Records contained in a dataset:

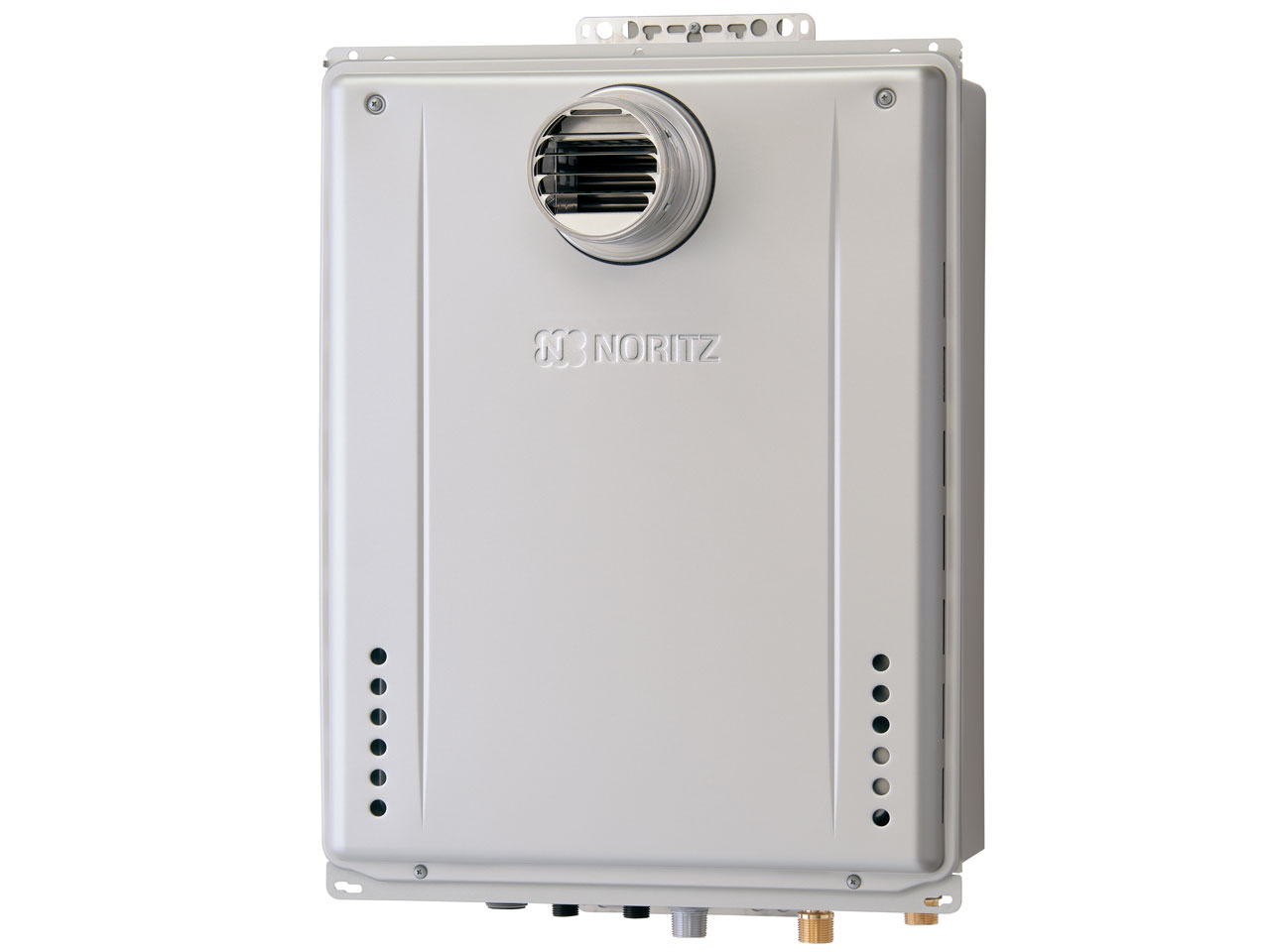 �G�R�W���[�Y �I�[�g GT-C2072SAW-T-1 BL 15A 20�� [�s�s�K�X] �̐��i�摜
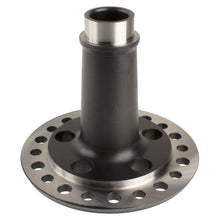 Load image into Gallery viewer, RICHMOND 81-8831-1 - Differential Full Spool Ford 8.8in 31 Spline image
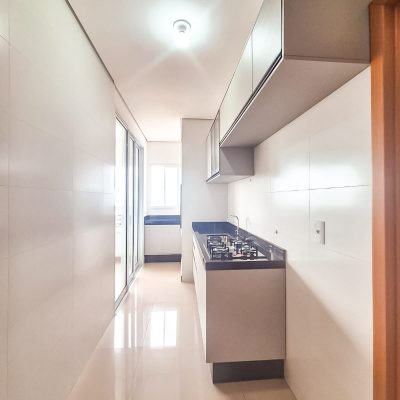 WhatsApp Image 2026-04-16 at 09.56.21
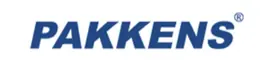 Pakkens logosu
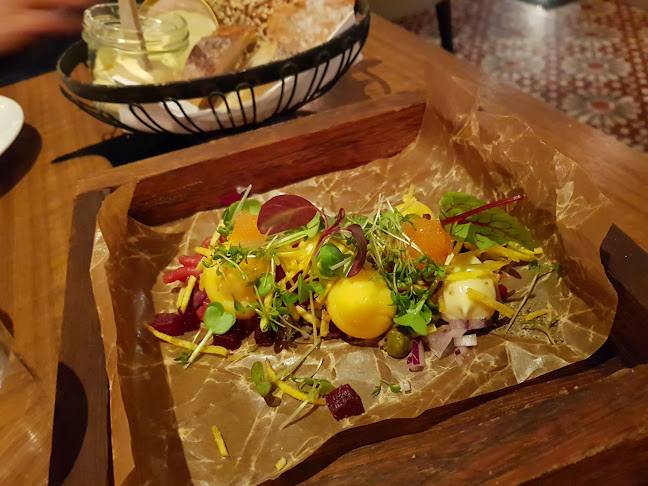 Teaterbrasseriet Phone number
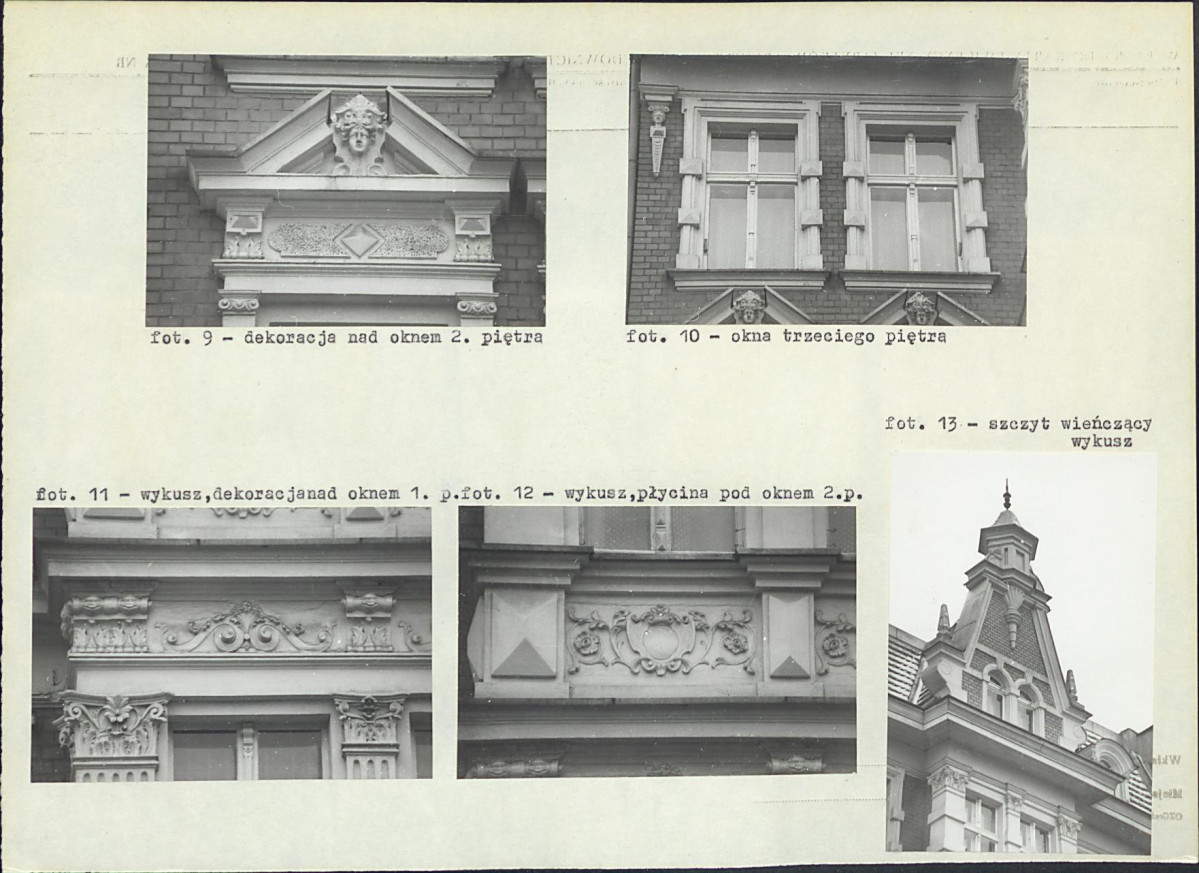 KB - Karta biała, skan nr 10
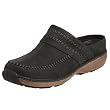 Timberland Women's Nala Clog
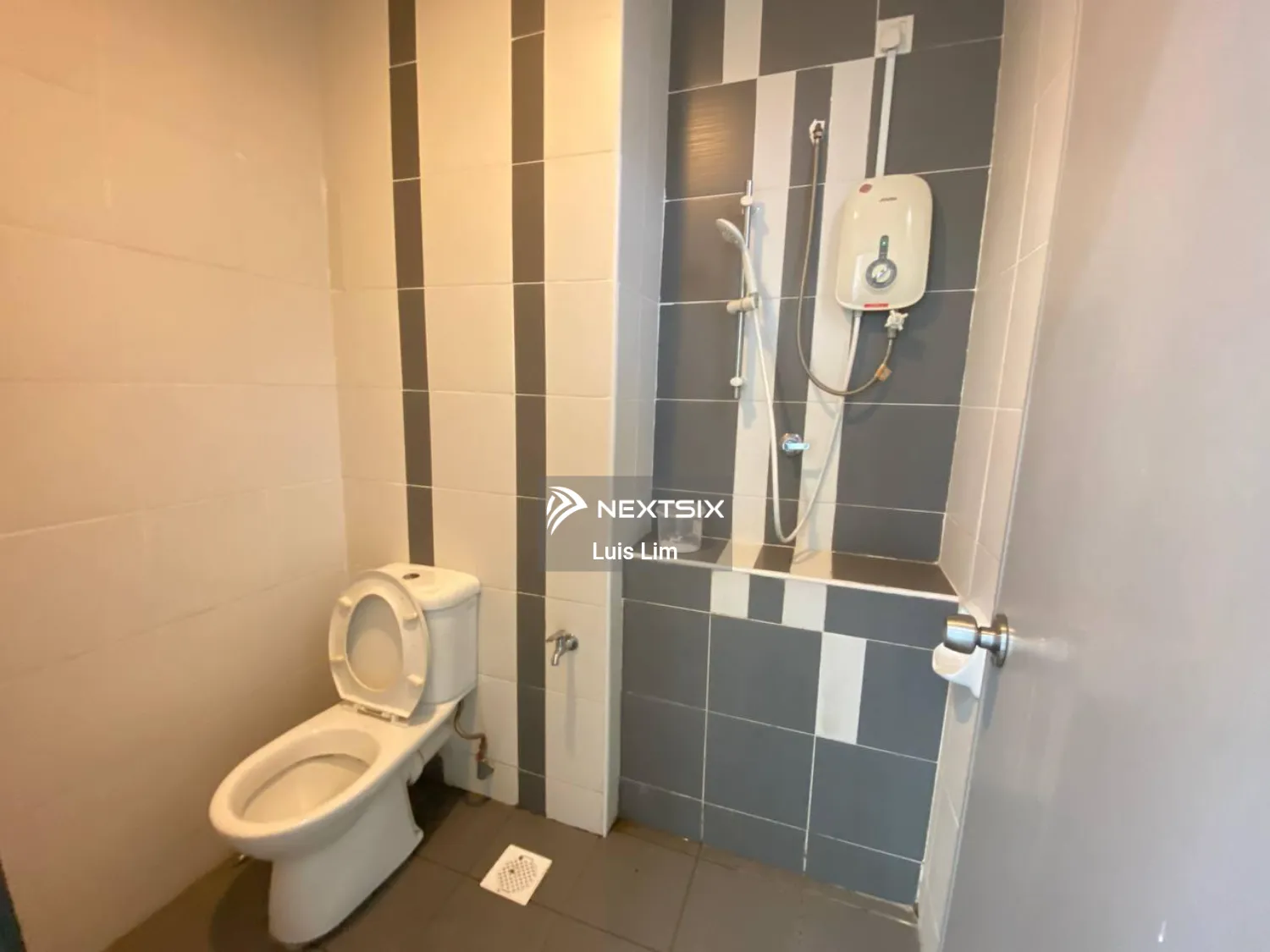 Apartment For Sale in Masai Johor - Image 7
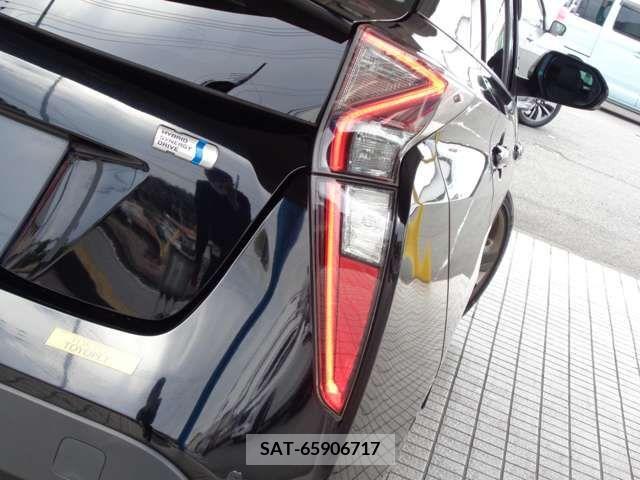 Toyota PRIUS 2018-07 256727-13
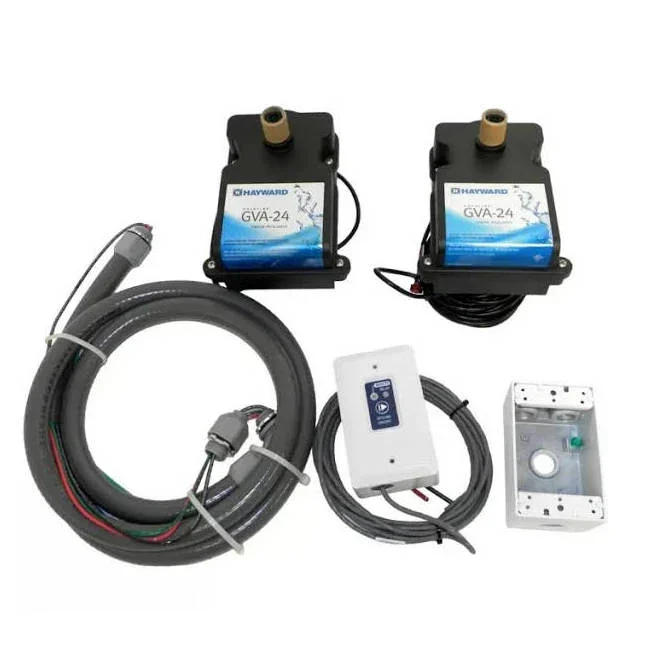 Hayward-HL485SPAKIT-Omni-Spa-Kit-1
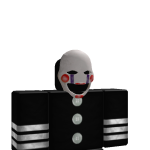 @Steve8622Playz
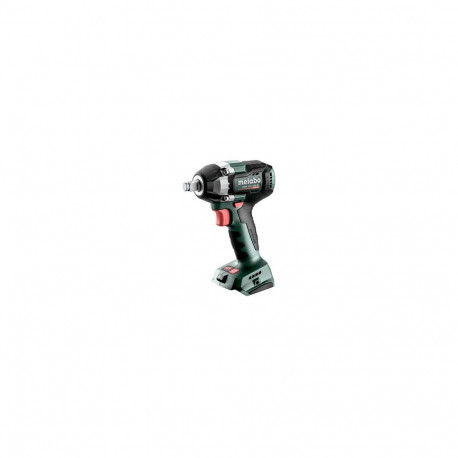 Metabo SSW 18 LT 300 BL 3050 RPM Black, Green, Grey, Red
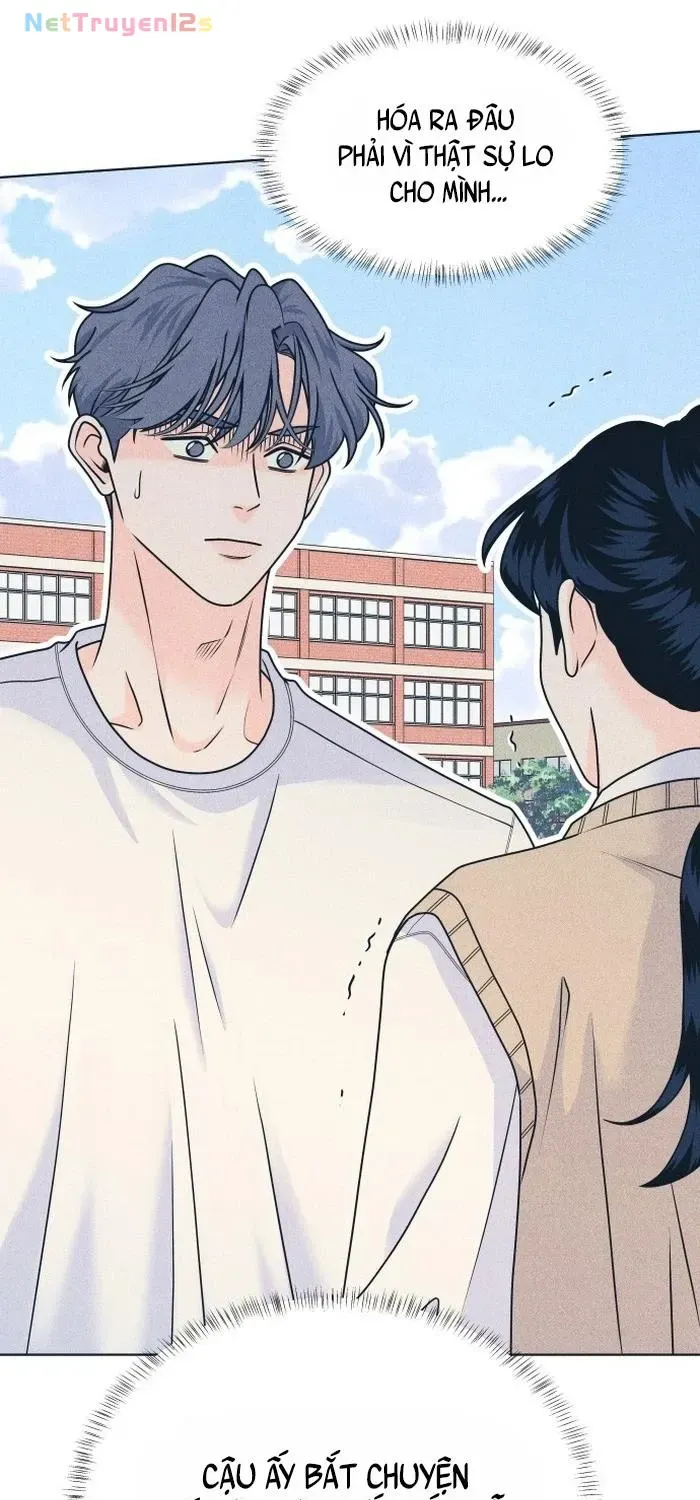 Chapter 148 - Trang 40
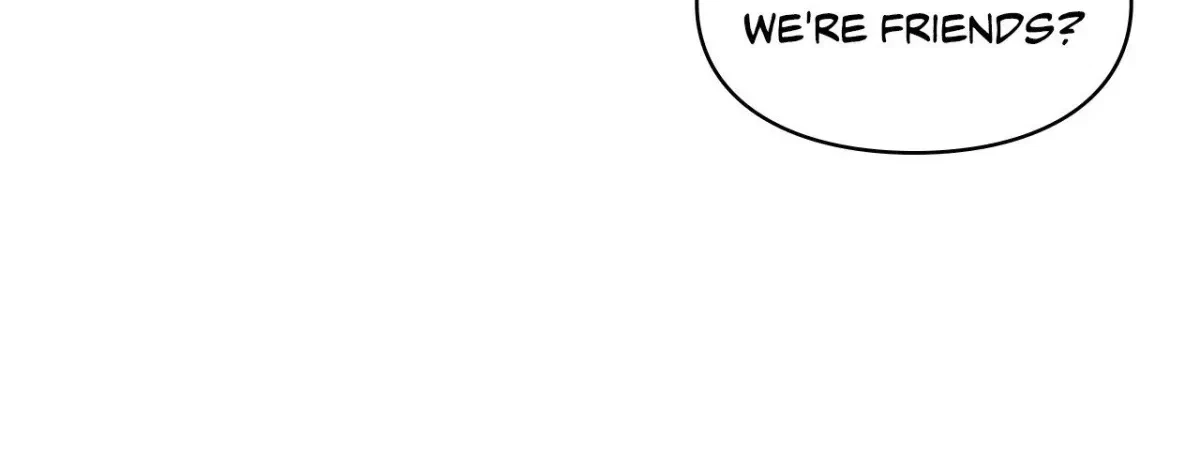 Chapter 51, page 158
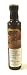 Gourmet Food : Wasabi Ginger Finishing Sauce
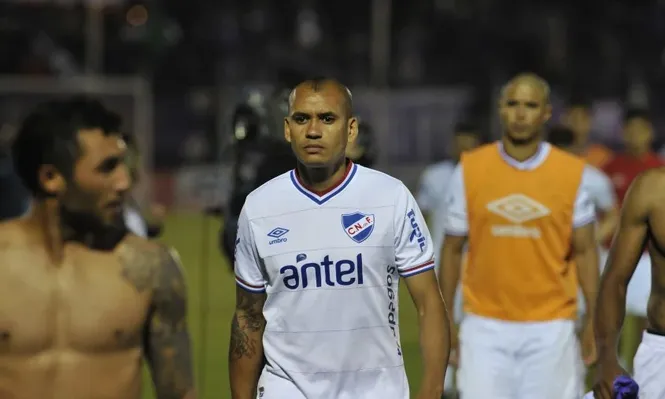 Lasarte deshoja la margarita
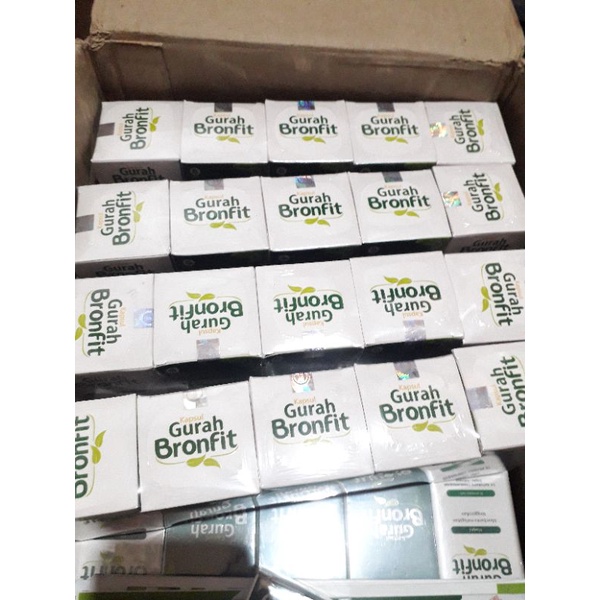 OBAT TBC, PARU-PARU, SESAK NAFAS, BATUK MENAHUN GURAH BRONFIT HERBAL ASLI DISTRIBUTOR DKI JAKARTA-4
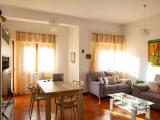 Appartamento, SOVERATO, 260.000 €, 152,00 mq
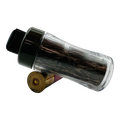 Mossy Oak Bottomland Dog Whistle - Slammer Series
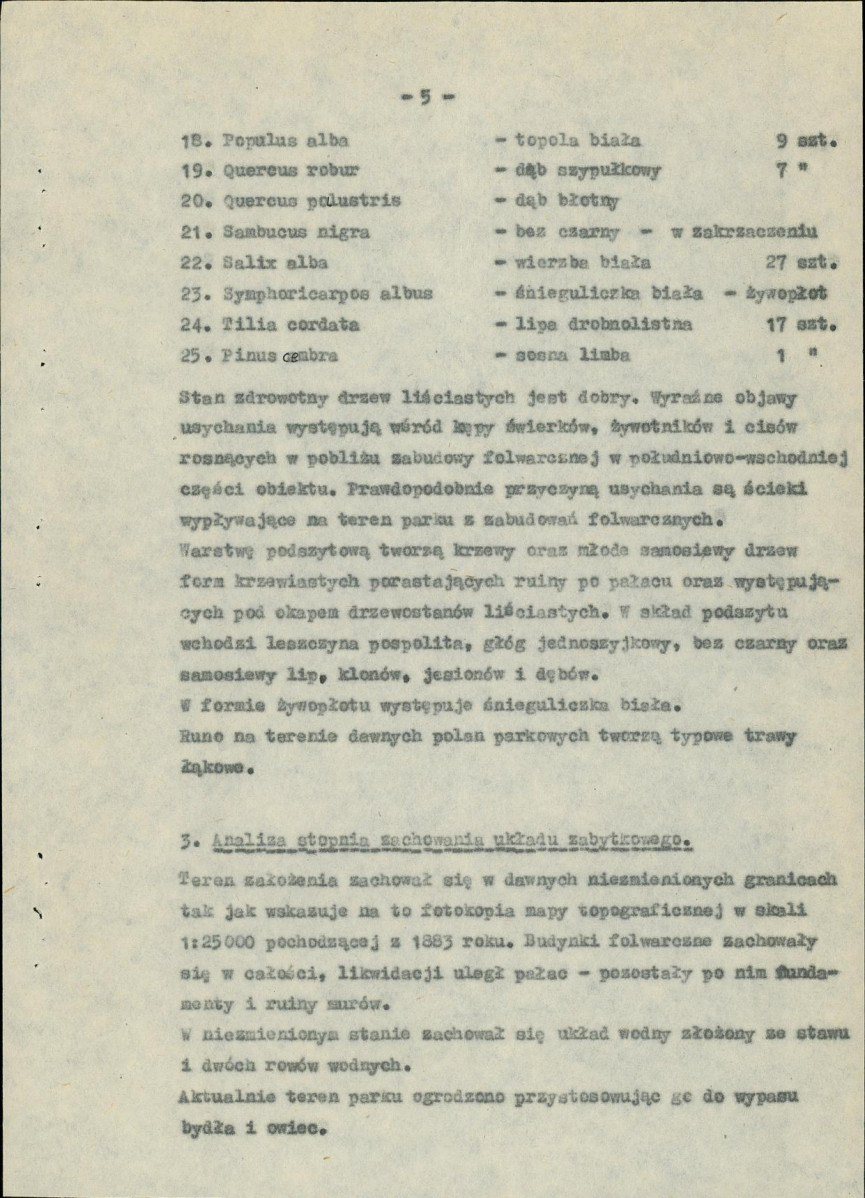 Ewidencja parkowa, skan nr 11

Exercise objective: Reproduce each entry above word for word. Pictures are not part of the copy.

Exercise solution:
 �G�R�W���[�Y �I�[�g GT-C2072SAW-T-1 BL 15A 20�� [�s�s�K�X] �̐��i�摜
 Load image into Gallery viewer, RICHMOND 81-8831-1 - Differential Full Spool Ford 8.8in 31 Spline image
 WhatsApp Image 2026-04-16 at 09.56.21
 Pakkens logosu
 Teaterbrasseriet Phone number
 KB - Karta biała, skan nr 10
 Timberland Women's Nala Clog
 Apartment For Sale in Masai Johor - Image 7
 Toyota PRIUS 2018-07 256727-13
 Hayward-HL485SPAKIT-Omni-Spa-Kit-1
 @Steve8622Playz
 Metabo SSW 18 LT 300 BL 3050 RPM Black, Green, Grey, Red
 Chapter 148 - Trang 40
 Chapter 51, page 158
 Gourmet Food : Wasabi Ginger Finishing Sauce
 Lasarte deshoja la margarita
 OBAT TBC, PARU-PARU, SESAK NAFAS, BATUK MENAHUN GURAH BRONFIT HERBAL ASLI DISTRIBUTOR DKI JAKARTA-4
 Appartamento, SOVERATO, 260.000 €, 152,00 mq
 Mossy Oak Bottomland Dog Whistle - Slammer Series
 Ewidencja parkowa, skan nr 11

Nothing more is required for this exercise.